Chapter 7 - Turbulence Modelling

Abstract

A relatively simple way of modeling the turbulence is offered by the so-called Reynolds-averaged Navier–Stokes equations (RANS). Reynolds stress models or Large-Eddy Simulation (LES) considerably enables more accurate predictions of turbulent flows. The various well-proven and widely applied turbulence models of varying level of complexity are presented in the chapter in detail. There is no single turbulence model that can reliably predict all kinds of turbulent flows. Therefore, it is important to determine whether the model includes all the significant features of the flow being investigated. The chapter discusses the basic equations of turbulence as they result from time and mass averaging of the governing equations.

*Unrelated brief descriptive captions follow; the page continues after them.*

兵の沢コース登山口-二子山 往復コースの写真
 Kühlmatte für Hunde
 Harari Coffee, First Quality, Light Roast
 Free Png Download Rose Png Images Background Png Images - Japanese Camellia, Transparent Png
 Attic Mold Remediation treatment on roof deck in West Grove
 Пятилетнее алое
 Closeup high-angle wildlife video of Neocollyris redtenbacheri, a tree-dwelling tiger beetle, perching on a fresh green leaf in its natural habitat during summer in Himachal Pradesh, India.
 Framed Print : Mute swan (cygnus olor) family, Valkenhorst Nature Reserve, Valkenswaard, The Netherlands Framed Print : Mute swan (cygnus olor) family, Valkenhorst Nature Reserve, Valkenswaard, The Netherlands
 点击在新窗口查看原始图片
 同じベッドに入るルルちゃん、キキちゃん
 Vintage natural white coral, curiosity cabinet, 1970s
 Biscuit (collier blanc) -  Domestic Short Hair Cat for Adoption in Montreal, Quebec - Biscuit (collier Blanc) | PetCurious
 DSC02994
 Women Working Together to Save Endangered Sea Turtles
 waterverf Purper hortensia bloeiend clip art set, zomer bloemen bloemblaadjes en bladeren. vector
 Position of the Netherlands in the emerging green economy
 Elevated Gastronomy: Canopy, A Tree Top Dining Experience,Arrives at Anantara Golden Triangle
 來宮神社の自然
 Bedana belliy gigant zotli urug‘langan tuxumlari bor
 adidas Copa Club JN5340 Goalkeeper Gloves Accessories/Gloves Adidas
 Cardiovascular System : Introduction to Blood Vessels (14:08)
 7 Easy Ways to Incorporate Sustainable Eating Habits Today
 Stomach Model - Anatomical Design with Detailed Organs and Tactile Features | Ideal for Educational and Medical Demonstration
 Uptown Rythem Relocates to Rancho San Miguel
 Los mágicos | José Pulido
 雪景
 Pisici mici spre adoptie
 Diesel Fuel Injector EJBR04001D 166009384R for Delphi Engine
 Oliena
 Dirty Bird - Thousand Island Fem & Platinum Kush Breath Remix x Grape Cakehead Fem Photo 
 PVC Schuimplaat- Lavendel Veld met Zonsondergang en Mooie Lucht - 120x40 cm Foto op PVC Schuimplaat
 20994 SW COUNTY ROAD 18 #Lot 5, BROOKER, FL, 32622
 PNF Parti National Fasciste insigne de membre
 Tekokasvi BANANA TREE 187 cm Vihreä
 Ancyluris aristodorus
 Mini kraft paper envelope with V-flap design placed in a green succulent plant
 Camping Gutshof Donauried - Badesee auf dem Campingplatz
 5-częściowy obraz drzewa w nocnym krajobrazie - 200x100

The chapter presents the Boussinesq's and the non-linear eddy–viscosity approaches, as well as the Reynolds–stress transport equation that forms the basis of the algebraic and differential Reynolds–stress models. The chapter also presents a few widespread one- and two-equation first-order closures. The first-order closures represent the easiest way to approximate the Reynolds stresses in the Reynolds-/Favre-averaged Navier–Stokes equations. They are based on the Boussinesq or non-linear eddy-viscosity models. From the large variety of first-order closure models, three widely used approaches, which represent the current state-of-the-art, are selected. All three models —namely, the Spalart–Allmaras one-equation turbulence model, the K-ɛ turbulence model, and the Shear Stress Transport (SST) turbulence model can be implemented easily on structured as well as on unstructured grids. LES, Detached Eddy Simulation (DES), and related approaches are discussed in the chapter in some detail because of the growing number of engineering applications.